We are more aware today that gender and anatomy are not the same. The first formation of gender takes place before we are born, under the influence of prenatal hormones that influence the fetal brain. While we are afloat in our mother's womb, our tiny bodies and brains are awash in these hormones. Powerful chemicals prompt the gradual development of male or female genitalia, as well as inscribing a sense of gender identity in the brain. Most often, the baby's anatomy will match the brain's sense of gender identity. But not always. Most transsexuals as early as childhood experience a powerful and enduring dissonance between the gender their bodies display and their interior sense of themselves as woman or man. For many, the search for gender integrity will entail a long and painful struggle. Spiritual health depends on a sorting out of this disconnect and moving toward a harmony in their experience of gender identity.
I find this amazing that there is the beginning of an open discussion on transgenderism.

The next article is about the soldiers of the Catholic Church, the Knights of Columbus…
Catholics To K of C: Stay Out Of Politics
New Haven Independent
by Thomas MacMillan
Nov 20, 2012

Two weeks ago after voters in three states sent out a clear message of support for gay marriage, more than 5,000 Catholics sent a message to the Knights of Columbus: Stop hurting the church by trying to stop same-sex unions.

That message was delivered in the form of a petition organized by Catholics United Education Fund, a not-for-profit Catholic group working for social justice. Traugott Lawlor (at right in photo), one of the more than 5,000 people who signed the petition, hand delivered it to a Knights of Columbus staffer at 3:20 p.m. outside of Knights of Columbus world headquarters in downtown New Haven at the corner of Church Street and Martin Luther King Jr. Boulevard.

“As Catholics, we ask that you stop using charitable donations to oppose civil same-sex marriage,” the petition reads. “This money would be better spent serving the needs of the poor.

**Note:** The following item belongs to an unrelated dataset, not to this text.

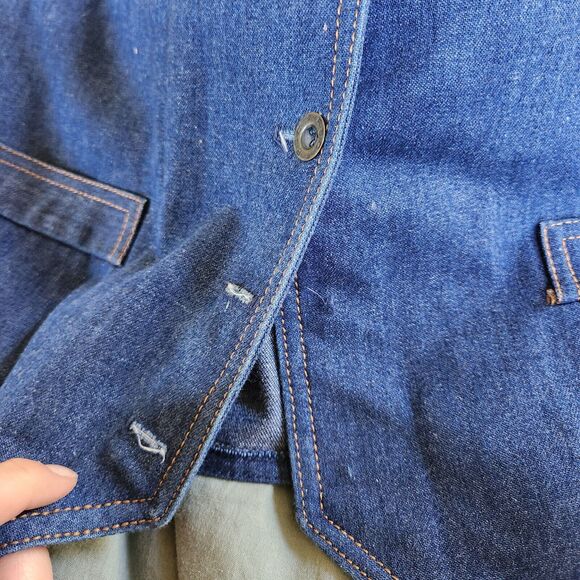 Med Vtg Denim Vest Union Made In USA Jean Buttons Missing RSC - Picture 10 of 10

“More and more Americans, especially younger generations of Catholics, are turning away from religion because of its mistreatment of the LGBT community. We believe your actions are outside the tradition of the Knights of Columbus and are hurting the Church.”

The petition is addressed to Supreme Knight Carl Anderson.
Now if only the Pope reads the winds of change and not wait 359 years to change like they did with acknowledging that fact the Earth revolves around the sun.